Maciej Kwiatkowski: Los Angeles Lakers czyli jest życie po Kobe Bryancie

Zdjęcie okładkowe artykułu: AFP /  / Od czasu Weekend Gwiazd 20-letni D'Angelo Russell trafia 47 proc. trójek i zdobywa 19,4 punktów na mecz
AFP / / Od czasu Weekend Gwiazd 20-letni D'Angelo Russell trafia 47 proc. trójek i zdobywa 19,4 punktów na mecz
zdjęcie autora artykułu

Kariera Kobiego Bryanta powoli dobiega końca, ale w Los Angeles Lakers pojawił się już nowy szeryf. W maju dowiemy się, czy przebudowa Lakers rozpocznie się na dobre w tym roku, czy może trzeba będzie zaczekać do wiosny 2017.

Los Angeles Lakers (14-51) po raz trzeci z rzędu nie awansowali do play-off. Nie wygrali w nich meczu aż od 2012 roku. Trwa najgorszy okres w historii 16-krotnego mistrza NBA, opromienionego od lat pogodą dla bogaczy i przewagą w kaptowaniu ligowych gwiazd.
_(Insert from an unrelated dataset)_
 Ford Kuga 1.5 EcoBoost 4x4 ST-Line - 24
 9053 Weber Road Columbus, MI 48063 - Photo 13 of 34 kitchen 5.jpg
To okres pokory dla Lakers, w którym zetknęli się z tym co przez lata było losem tych innych, gorszych klubów z "jakiś tam małych miast i miasteczek". Lakers weszli w typowy dla klubów NBA proces życia po życiu - dużego spadku po latach prosperity. Tego cyklu uniknęli w tym millenium tylko San Antonio Spurs. Kobe Bryant nie okazał się niezniszczalny i długie lata eksploatowania go ponad miarę znalazły odbicie w trzech jego ostatnich sezonach, podminowanych i zniszczonych przez kontuzje.

Przyszłość jest niewiadomą, ale teraźniejszość już na koniec obecnego sezonu staje się atrakcyjna. Jest tak głównie za sprawą 20-letniego D'Angelo Russella, wybranego z nr 2 Draftu 2015.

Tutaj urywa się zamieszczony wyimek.